Strengths: This paper generalizes Dinh and Ho (2020) by (i) establishing a way to study the behavior of Group Lasso without a full characterization of the optimal parameter set and (ii) using Lojasewicvz’s inequality to upper-bound the distance between an estimated and an optimal parameters. By doing so, this paper shows that the analyses of feature selection consistency in Dinh and Ho (2020) apply not only to an irreducible feed-forward network with a single hidden layer but also to a broader range of deep analytic neural networks such as feed-forward networks with multiple hidden layers and convolutional neural networks. Also, the empirical illustration of their analyses seems interesting, especially the performance gap between feature selection with AGL + GL and with GL only. In experiments, the authors use deep neural networks to show that their analyses apply to neural networks with multiple hidden layers.
Weaknesses: The experimental results are insufficient.
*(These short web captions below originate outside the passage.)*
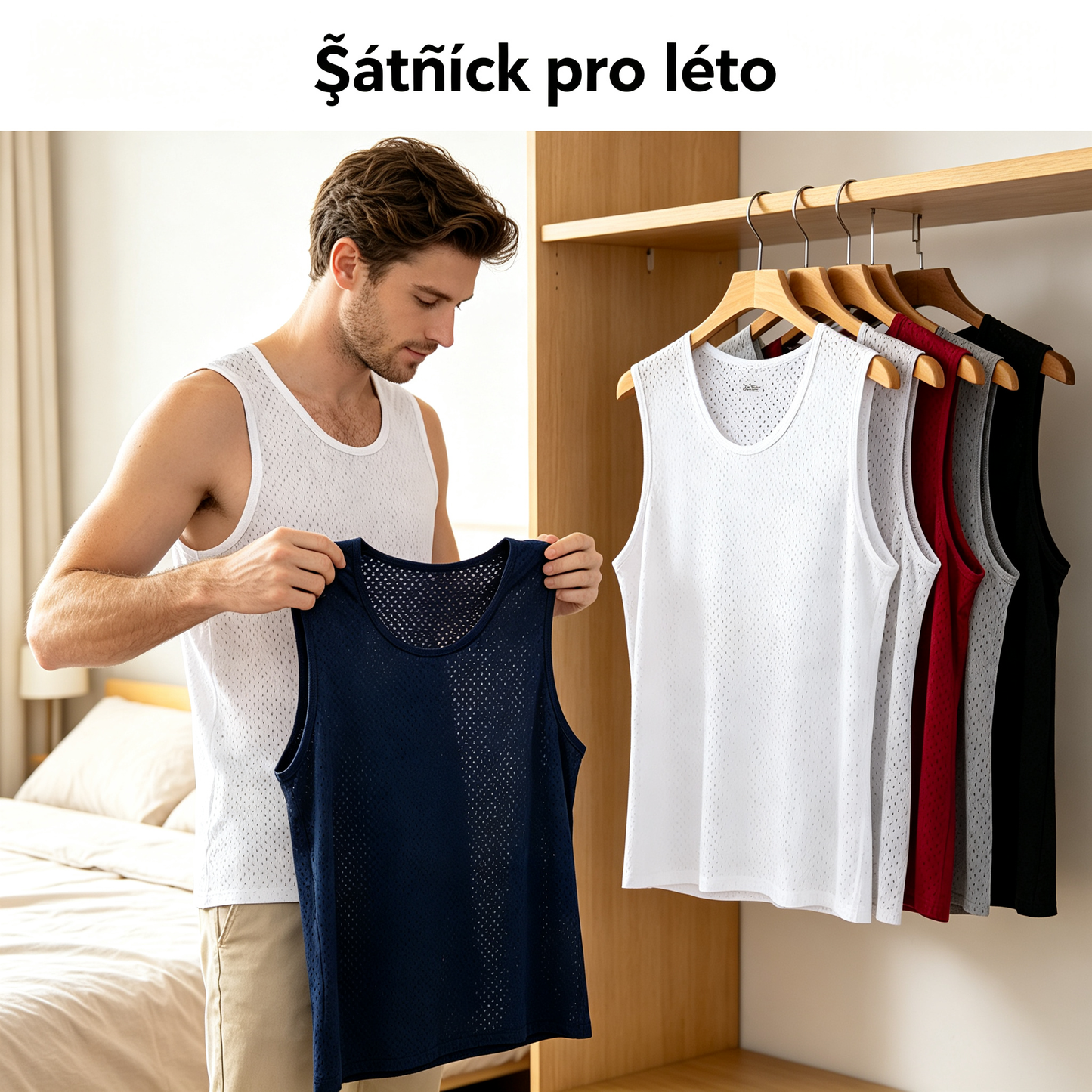 👕【Třídílná sada】Prodyšné Síťované Funkční Tílko | Rychleschnoucí Letní Fitness Tílko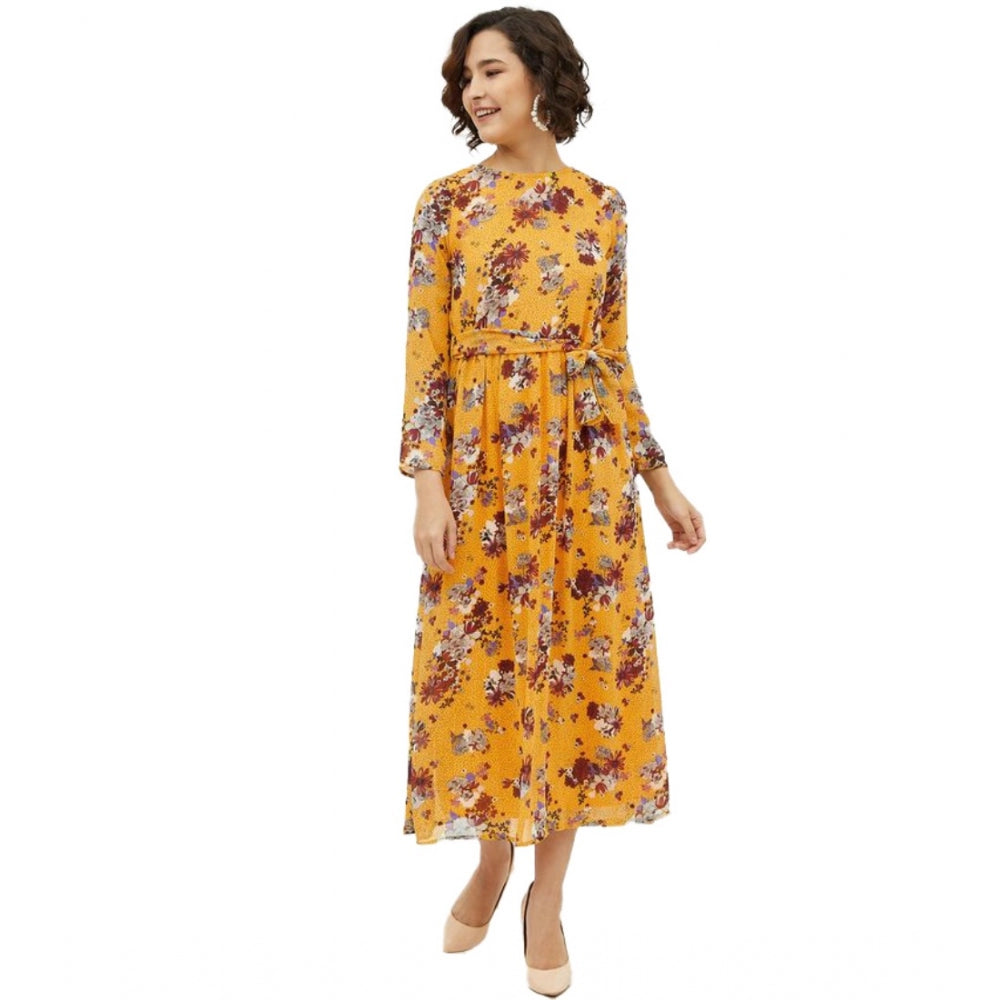 Womens long sleeve calflength floral print dress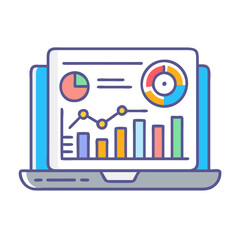 Laptop with Data Analytics Charts and Growth Illustration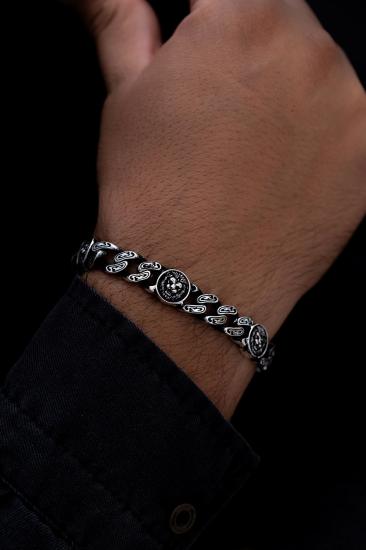 Vog Aslan Motifli Oksitli Gurmet Zincirli 925 Ayar Gümüş Sevgiliye,Babaya,Eşe,Arkadaşa Bileklik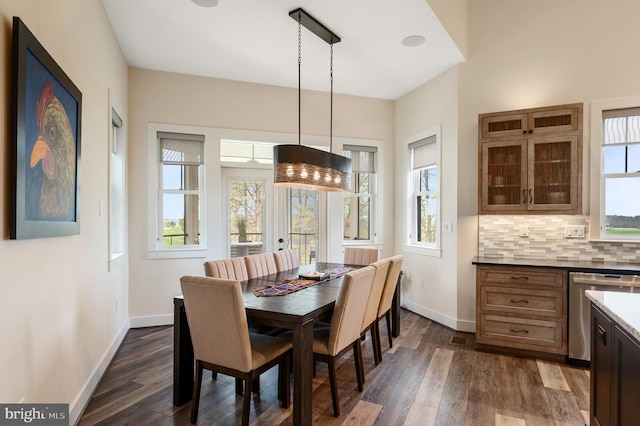 dining room featuring dark wood-type flooring and baseboards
The simulation was done on a single architecture with only 50 input features, and the single real data had only 13 input features. Both the simulated and real data had a small number of input features, which seems inadequate for a study of feature selection problem. Considering that the claim of the paper applies to a broad class of neural networks, the experiments should include those deep neural networks from difference classes.
Correctness: Yes.
Clarity: In general, this paper is easy to follow. Minor commnets: In Definition 2.3 on page 3, I assume n is the number of samples. It’d be good to define this. On line 159, I assume d is the distance between two parameter sets. It’d be good to define this.
Relation to Prior Work: Yes. In Introduction, the authors mention Dinh and Ho (2020) on which this paper seems to be based and clearly stated the difference of this paper and Dinh and Ho (2020).
Reproducibility: Yes
Additional Feedback: ***After author feedback*** Since the authors did not follow the formatting guideline of 1 page for the author feedback, the reviewers were advised not to take into account the author response.